From a waste treatment aspect the idea has potential because, as you said, the cell recycles the copper and to an extent recycles the electrolyte.

It all depends on how much copper you will have to add to keep your "inquarted" anodes over 90% copper. For a small hobby refiner it poses a melt capacity issue. Another issue is the co-mingling in the anode slimes of platinum, palladium, silver and gold. The silver and palladuim can be leached in nitric after converting the PdO by roasting. But the gold and platinum will both go up in aqua regia and it's hard to get it all out. By inquarting in silver, dissolving in nitric and cementing with copper you have separated the gold from the other players and purer gold is easily attained. 

Your suggestion will yield less net waste acid and that is a good thing, and if enough material is processed the separate treatments for all precious metals should not be an issue. I think it is an idea, which under the right circumstances, will produce good results.


----------



## lazersteve (Sep 29, 2009)

I agree with 4Ms about the melting of copper being an issue for small hobbyist. I'm still working towards building a large enough gas fired furnace to cast my recovered waste copper back into bars. 

Torch melting copper in larger batches is not practical in my eyes due to the heat transferring capacity of copper. I tried melting 50 grams of copper electrical wire with my torch once and had only mixed success. I ended up with a terrible looking mass of oxidized copper.

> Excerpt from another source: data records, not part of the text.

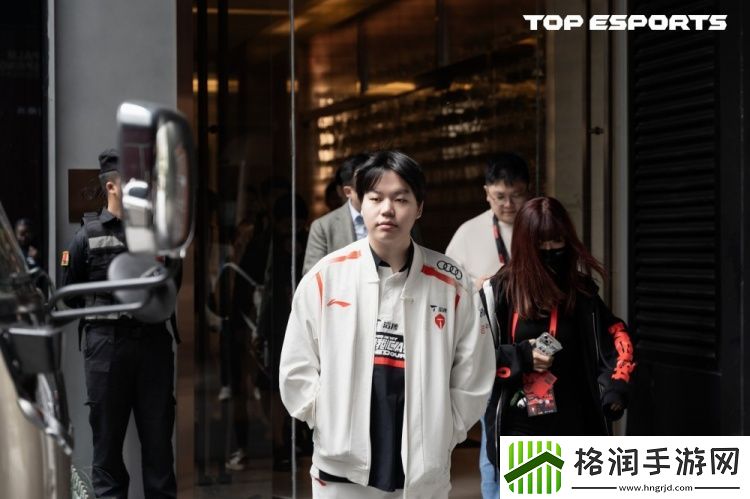 TES发布对阵FNC赛前返图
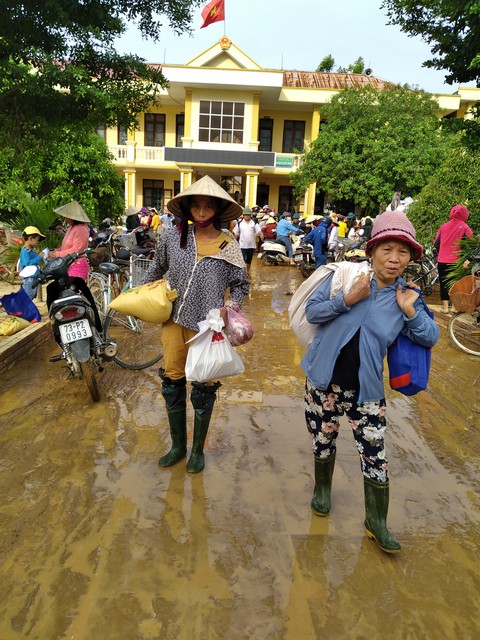 Những chuyến cứu trợ không thể quên trong đời làm báo Tuổi Trẻ - Ảnh 12. Những chuyến cứu trợ không thể quên trong đời làm báo Tuổi Trẻ - Ảnh 12.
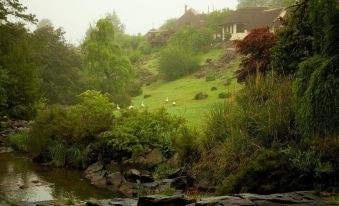 Hawklee Country House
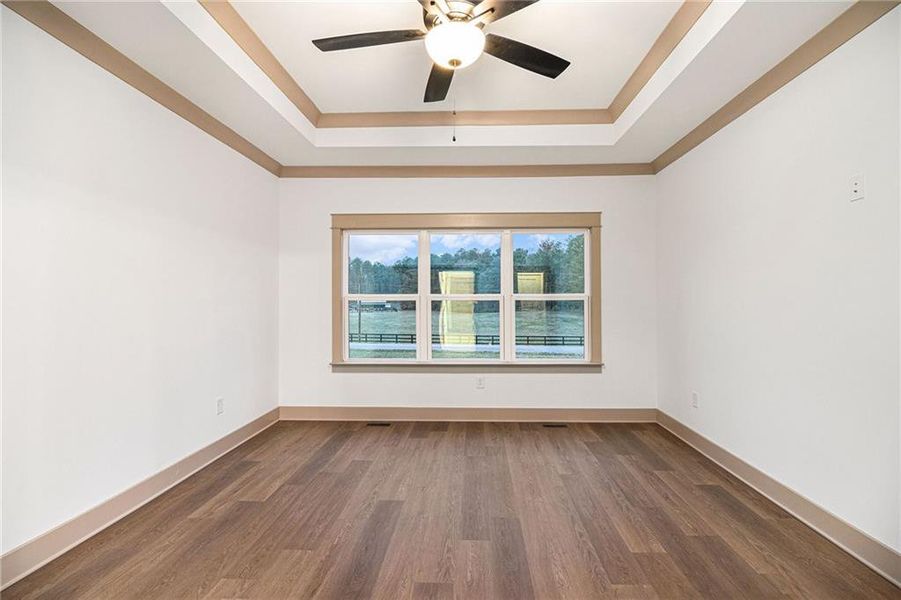 Spacious, unfurnished interior of a new home in , Taylorsville (Image 25).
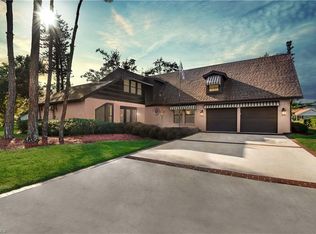 2424 Camden Ct, Naples, FL 34105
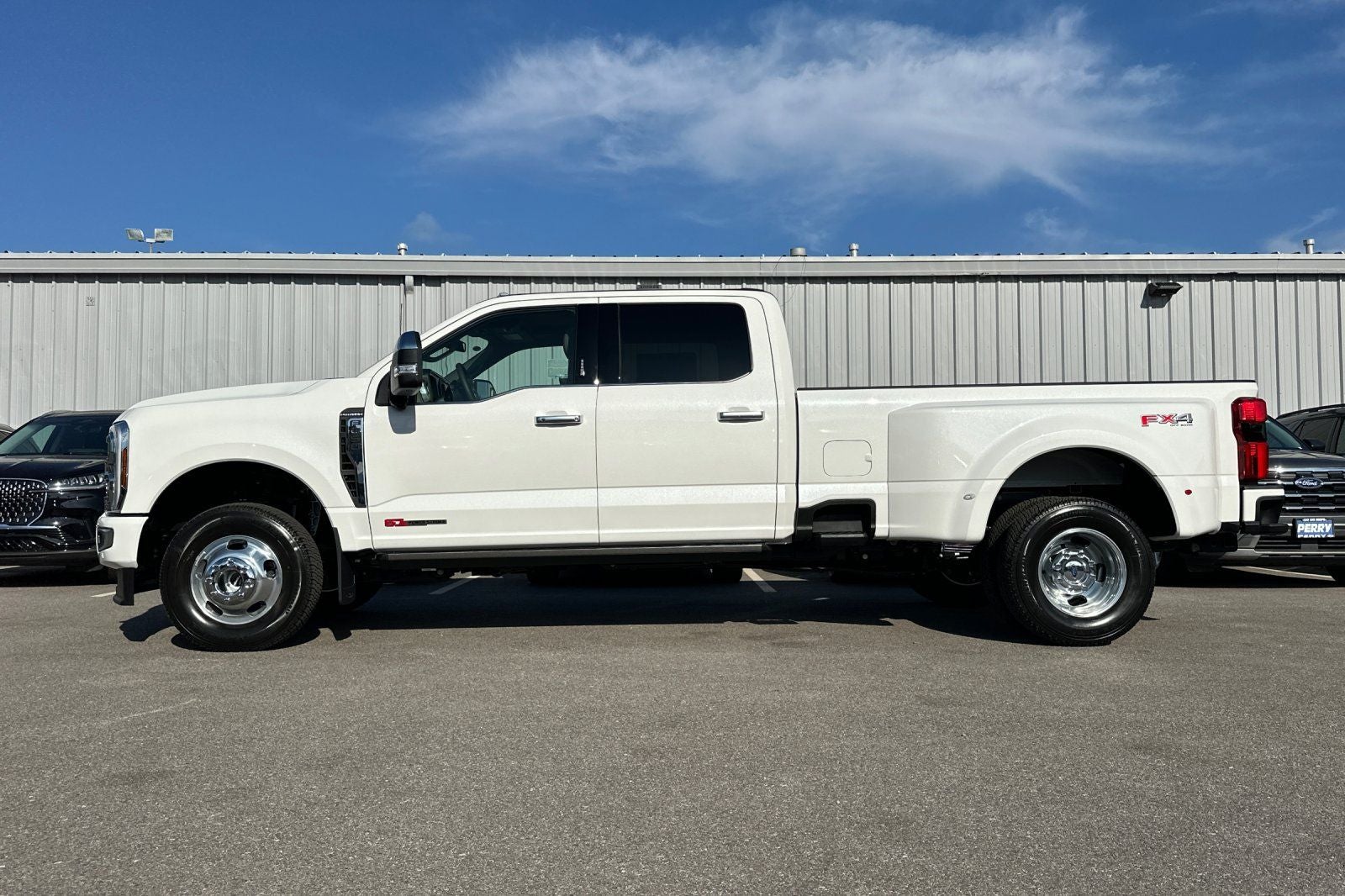 2026 Ford F-350SD Platinum DRW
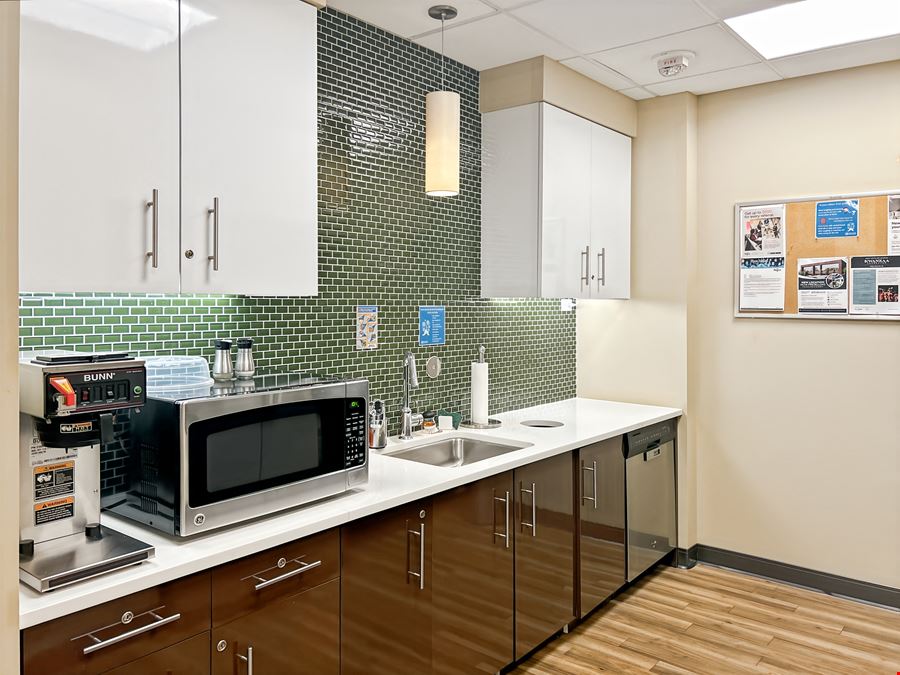 Regus - St Louis - Clayton Pierre Laclede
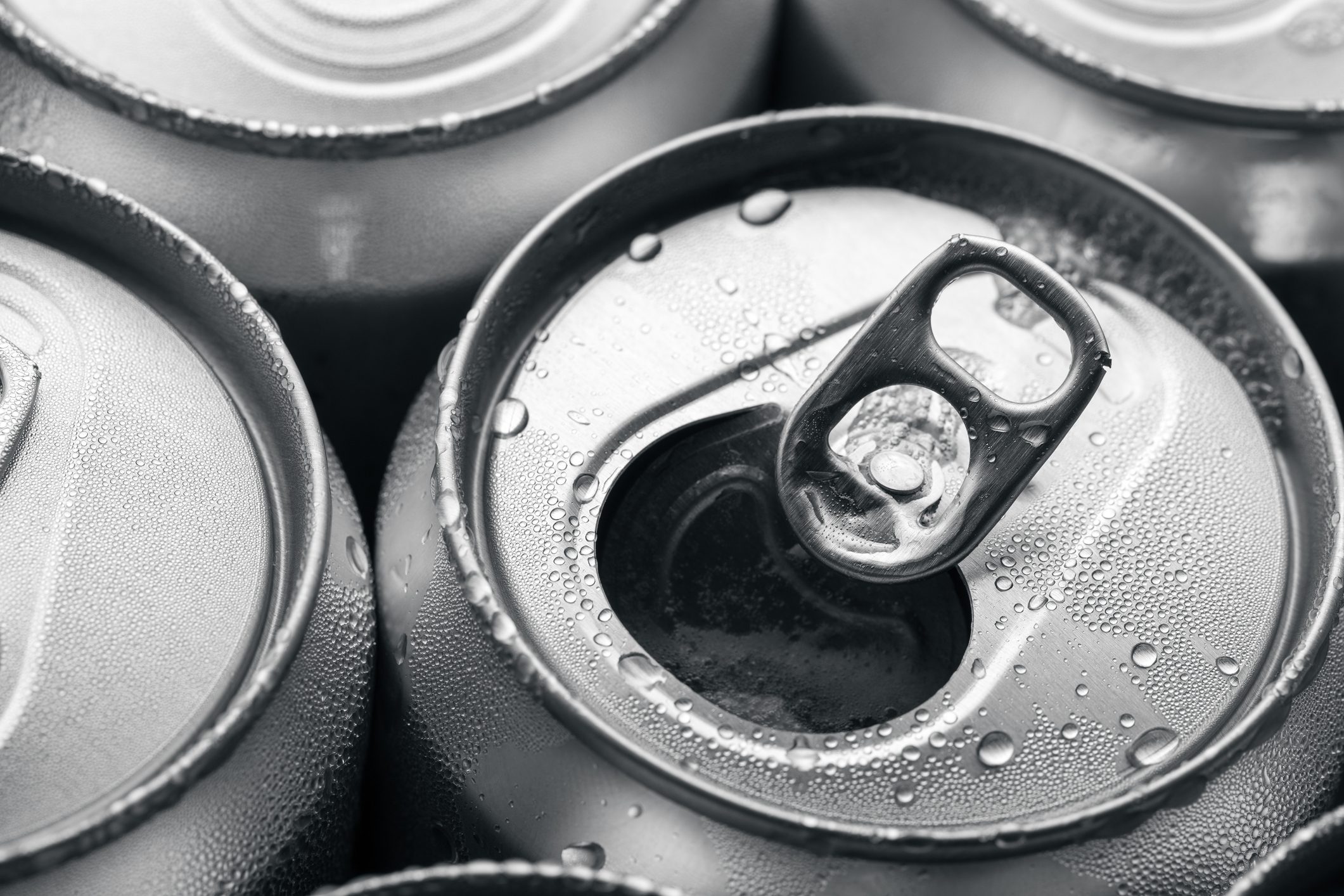 Scopri di più sull'articolo Troppe lattine di bevande da eliminare? Ricicla e realizza decorazioni originali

I haven't tried melting any in my mini-firebrick furnace, I may have better results with it, but the scale is still way too small to be useful in the application discussed above.

Steve


----------



## nickvc (Sep 30, 2009)

Thanks 4metals & Steve I am aware of the problem with melting copper having had to make master alloys to produce mainly 9 carat grain which in reality is a copper alloy as it constitutes the major part of the whole. I built my own furnaces after buying my first one out of lightweight fire bricks and using a bulldog torch running off propane easy to build, cheap and capable of been enlarged.The bricks are easy to cut with a saw so building the furnace was really simple, and if needs be it can be built outside,used and then put back into the garage brick by brick in minutes.The cost of this was no more than £50 approx $80. Part of the alloy was a copper / silicon alloy which allowed the gold to flow more easily when molten if i remember correctly this was 10% silicon but it was used at only 2% of the total ie .2% would this maybe work to alloy the copper to melt easier once melting temperature has been reached? The mix of gold platinum in the slimes is way past my experience im afraid but would an adaptation of the shor system seperate the gold from the platinum? Im no expert on much of this hence the post as im sure that the forum will either prove it can or cant be done economically and without thousands of $ expense.


----------



## Harold_V (Sep 30, 2009)

Unless you have considerably better luck than I had, the idea of parting gold alloy with a copper cell is insane. The percentage of copper must be high, and the accompanying values low, otherwise a resilient shell forms around the anode, eventually isolating the copper so it can no longer transfer. The same is true of values included in silver, when the silver is parted. Too much is not a good thing. 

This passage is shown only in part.